Hammond’s mobile range should help grow the sport’s local spectator base.
“Next year with this type of facility, I think we can build a fan base that is actually going to come regularly to watch the matches. We want to be able to shoot all of our home matches in this type of arena and I think it would really enhance the sport. The big thing is really for the fans and spectators to be able to come and us not be limited on how many people can come and have much bigger projector screens and really allow them to come and watch the matches. I truly believe we can get a really large crowd.”
Hammond thinks big. Although lofty, his current goal is easily doable.
“Our current goal is to shoot the NCAA championships in the WVU Coliseum. It’s just a great arena. I think not only Mountaineer fans, but across everywhere, and certainly local people will take advantage of the opportunity to support the rifle team―and to also see a NCAA championship in Morgantown for the first time.”

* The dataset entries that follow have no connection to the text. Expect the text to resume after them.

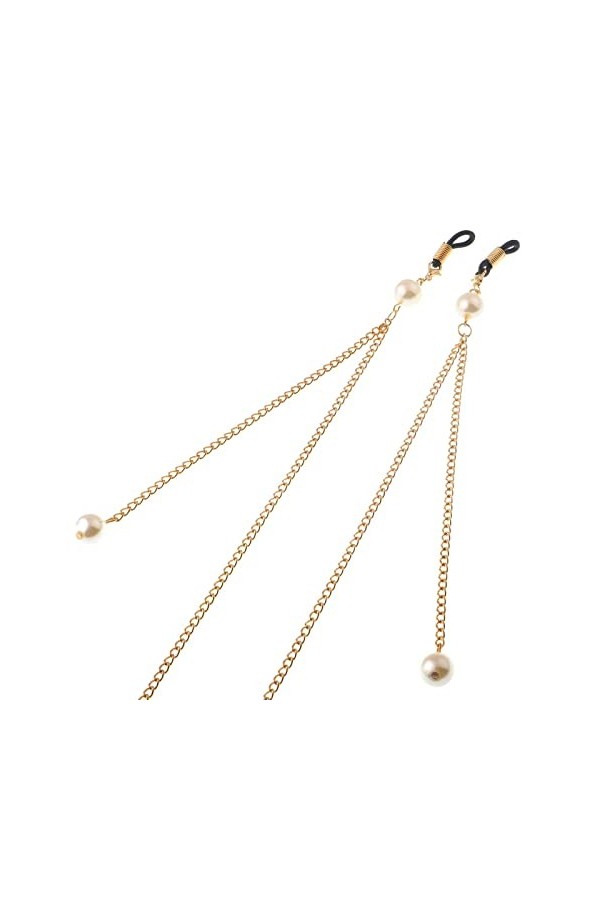 KEMUDO Sangle de Lunettes Lunettes lanière for Femmes Vintage Perle Pendentif Masque chaînes élégant Oeil chaîne Porte-chaîne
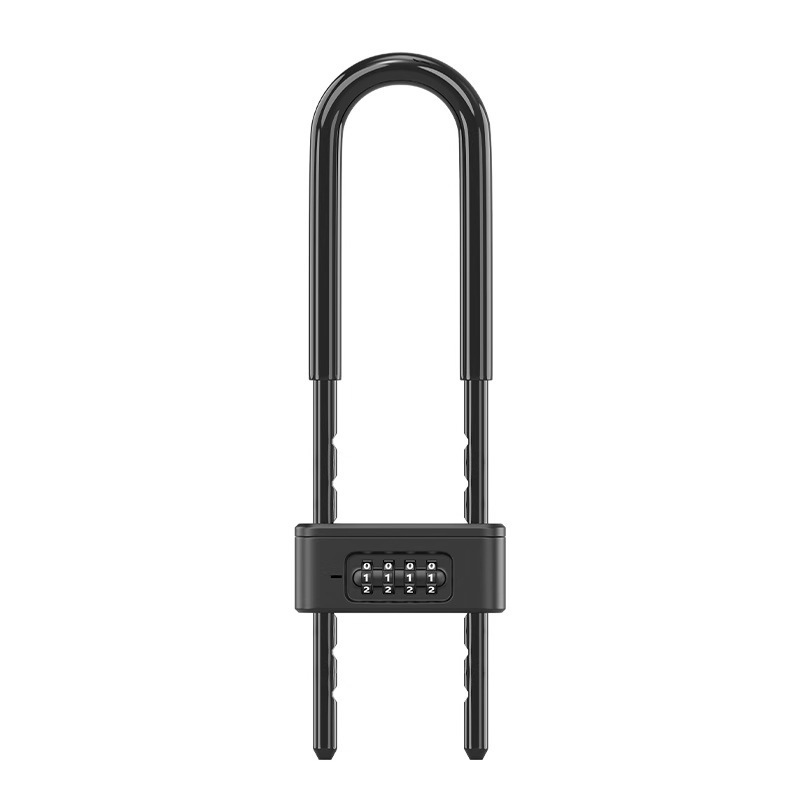 【 Free Shipping 】 Combination lock, padlock, glass door lock, U-shaped lock, waterproof and rust-proof lock, household extended insert lock, anti-theft Item Picture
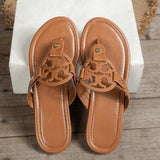 Toe Post Flats Sandals - Trendsi - Flyclothing LLC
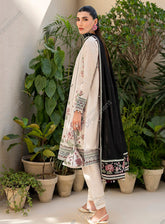 Iris By Jazmin Eid Spring Embroidered Lawn 3 Piece Unstitched Suit JZ24I D8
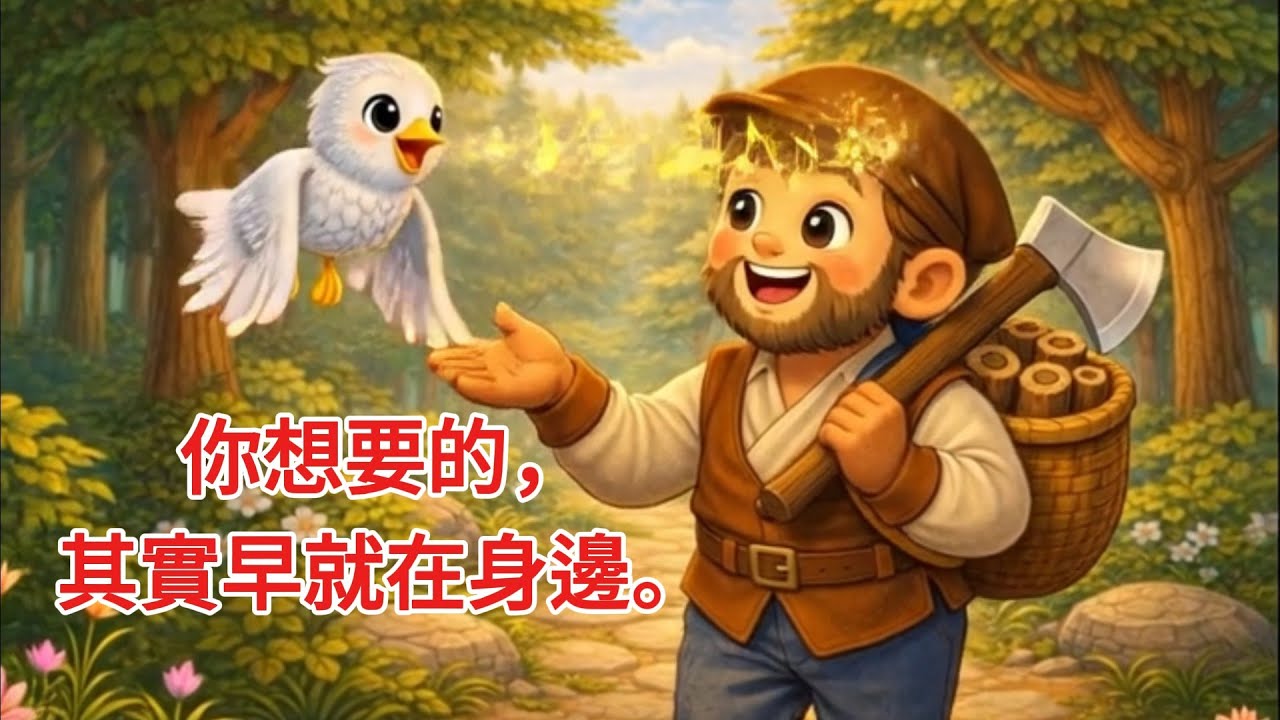 【寓言故事】你想要的，其實早就在身邊｜樵夫與銀鳥What You’re Looking For Is Already Beside You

This season, WVU has four All-Americans returning—including senior team captain Elizabeth Gratz. Also returning are three NCAA National Champions: junior Ginny Thrasher (2016 smallbore and air rifle) and sophomores Milica Babic (2017 air rifle) and Morgan Phillips (2017 smallbore). Junior Will Anti, sophomore Jack Anderson, redshirt-freshman Noah Barker, redshirt-freshman David Koenders, and freshman Sarah Osborn complete the Mountaineers’ line up.
Entering the season ranked number one, WVU opened against No. 9 North Carolina State in Charleston, SC,—securing victory yet again.